Ce que décrit Abdoulaye Diallo à Dakar, nous le vivons, presque à l’identique, à Bamako. Les noms changent, les accents varient, mais le scénario est rigoureusement le même : des individus sans formation, sans culture professionnelle, sans rigueur intellectuelle, propulsés au rang de faiseurs d’opinion, pendant que les journalistes, les vrais, ravalent leur dignité et encaissent les humiliations.

De l’exception tolérée à la norme imposée

Au départ, l’intrus amuse. Il dérange même parfois, mais il attire. Il fait de l’audience. Il « parle vrai », dit-on. On le tolère donc, on l’invite, on l’installe sur les plateaux, souvent au nom de cette paresseuse excuse : « il faut bien suivre l’air du temps ». Peu à peu, l’exception devient règle. L’accident se transforme en système.

Le cas d’Abdou Nguer, tel que relaté par Abdoulaye Diallo, est emblématique. Longtemps applaudi tant qu’il frappait l’adversaire politique désigné, il a fini par croire à sa propre légende.

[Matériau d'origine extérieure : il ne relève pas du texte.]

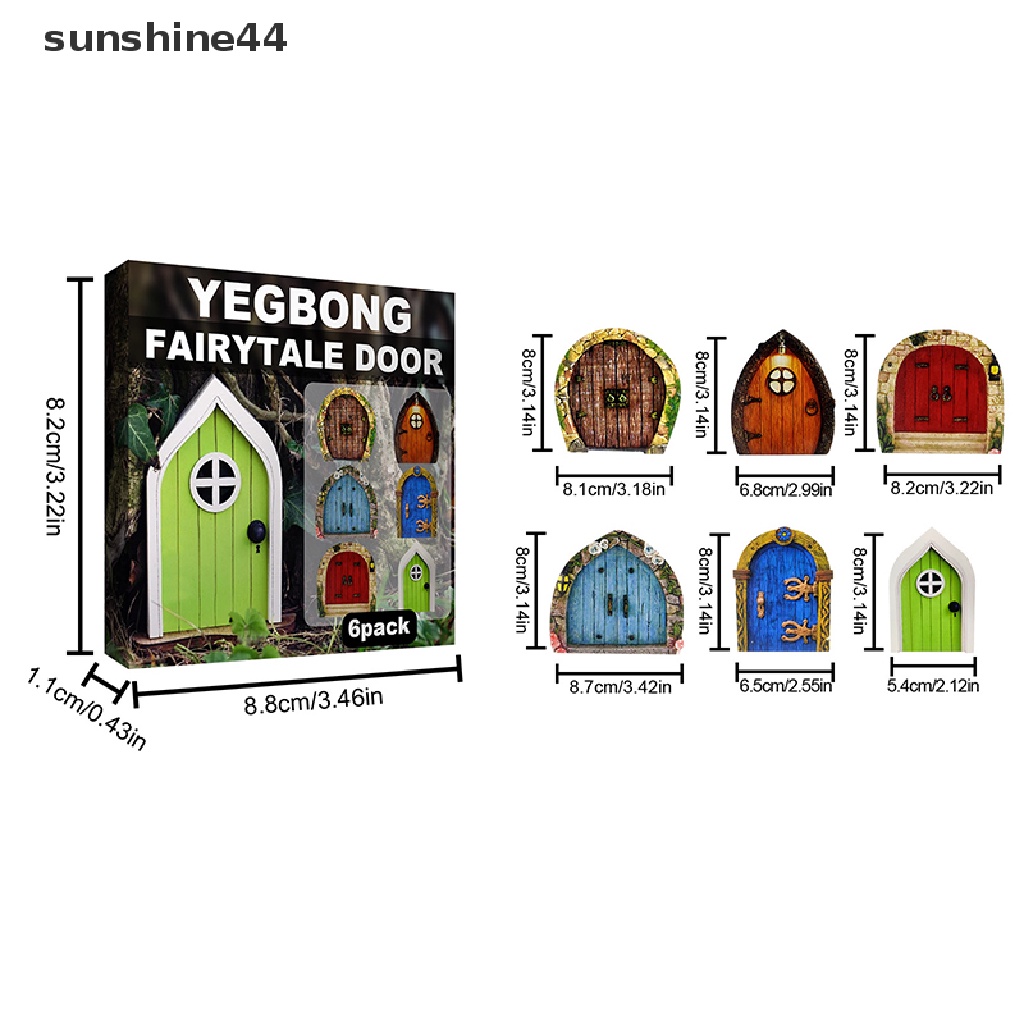 Sunshine 6Pcs Miniatur Patung Peri Bahan Kayu Untuk Dekorasi Taman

Le jour où il s’autorise à dire à des journalistes professionnels : « Prenez vos micros et partez. C’est avec mes vidéos qu’on paie vos salaires », ce n’est pas seulement un dérapage individuel. C’est l’aveu d’un renversement de hiérarchie. L’usurpateur ne demande plus sa place : il la revendique, il la dicte, il l’impose.

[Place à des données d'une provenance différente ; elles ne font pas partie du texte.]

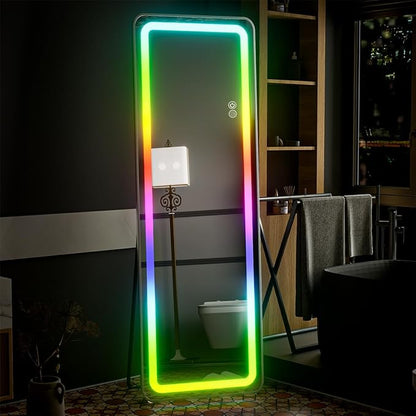 Koonmi Full Length Mirror with LED Lights, 60"x16" Lighted Mirror with Remote Control, RGB Color Changing Lights, 7 Dynamic Modes, Dimmable Brightness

Rien de tout cela n’est arrivé par hasard. Un grand penseur italien, Umberto Eco, nous avait pourtant prévenus : « Les réseaux sociaux ont donné la parole à une légion d’imbéciles qui auparavant parlaient seulement au bar, après un verre de vin, sans nuire à la collectivité ». Aujourd’hui, cette légion ne se contente plus de parler. Elle accuse, juge, condamne et influence.

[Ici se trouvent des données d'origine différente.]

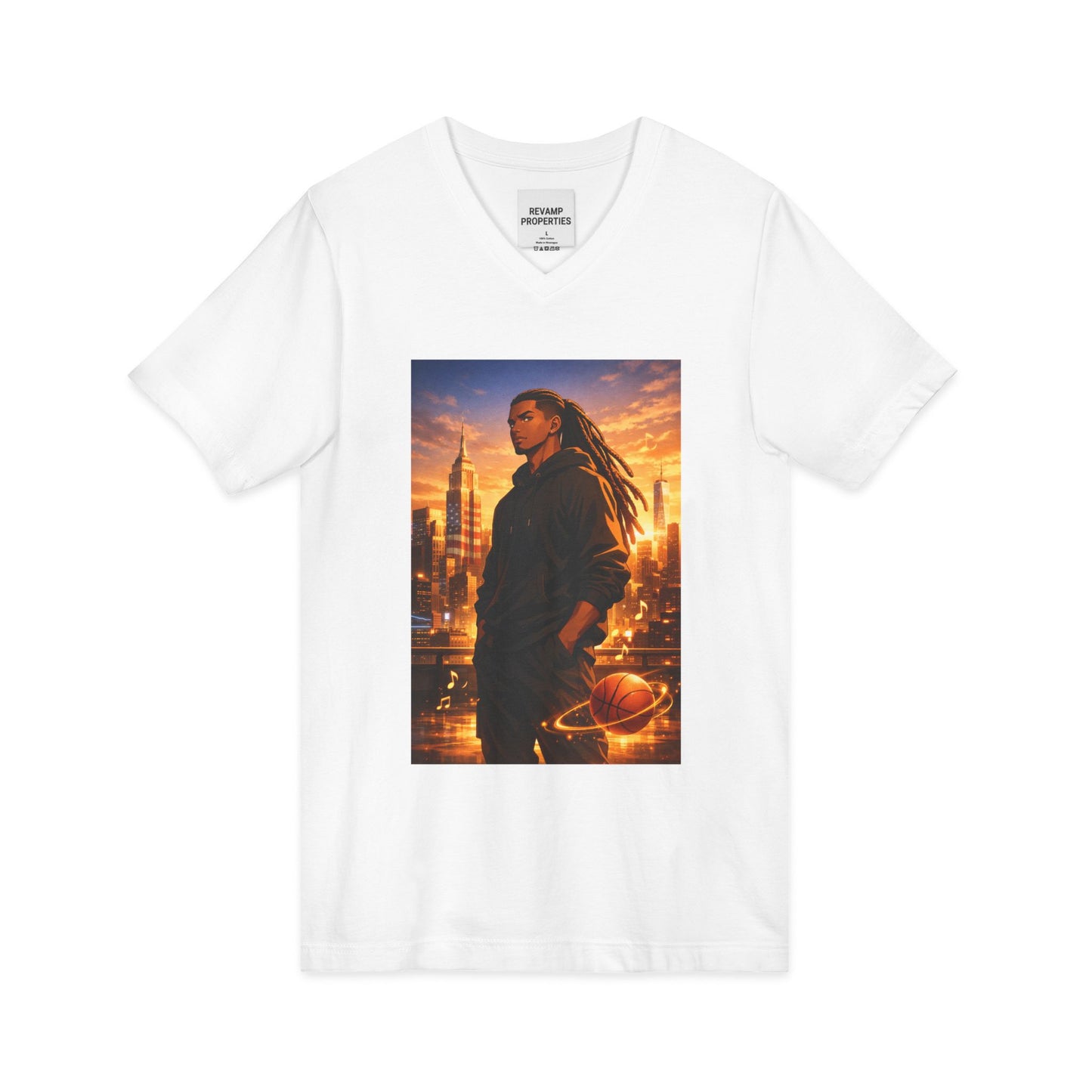 Dreadlocks Sunset Cityscape V-Neck Tee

Le drame, ce n’est pas que ces voix existent. Une démocratie peut absorber le bruit. Le drame, c’est que les médias traditionnels, au lieu de jouer leur rôle de filtre, d’ hiérarchisation et de pédagogie, ont ouvert grand les vannes.

Pire : ils ont parfois fait de ces voix leur fonds de commerce, sacrifiant l’éthique sur l’autel de l’audience.

L’autre dimension, plus inquiétante encore, est la récupération. Cette instrumentalisation n’est pas propre au Sénégal. Elle est devenue une pratique courante en Afrique de l’ouest. Les activistes servent de paratonnerres, de chiens de garde, de porte-voix brutaux. Ils salissent, attaquent. Soyons cependant  honnêtes : l’activisme, comme tant d’autres, n’est pas la cause du mal. Il en est le symptôme. Le vrai problème, c’est l’effondrement des digues professionnelles. C’est l’absence de régulation interne crédible. C’est la faiblesse  de ceux qui savent,  mais se taisent. C’est la résignation de ceux qui n’y croient plus.

Le journalisme ne peut survivre sans exigence, sans formation, sans règles claires. Un métier où tout le monde peut entrer sans rien apprendre est un métier déjà mort. La question n’est donc plus de savoir qui est journaliste et qui ne l’est pas, mais de se demander si nous avons encore le courage de défendre ce que ce mot signifie. Car à ce rythme, ce ne sont plus seulement les intrus qui dicteront la loi. Ce sera le chaos informationnel érigé en norme, et la disparition définitive d’un métier qui fut, autrefois, l’un des derniers remparts contre la déraison.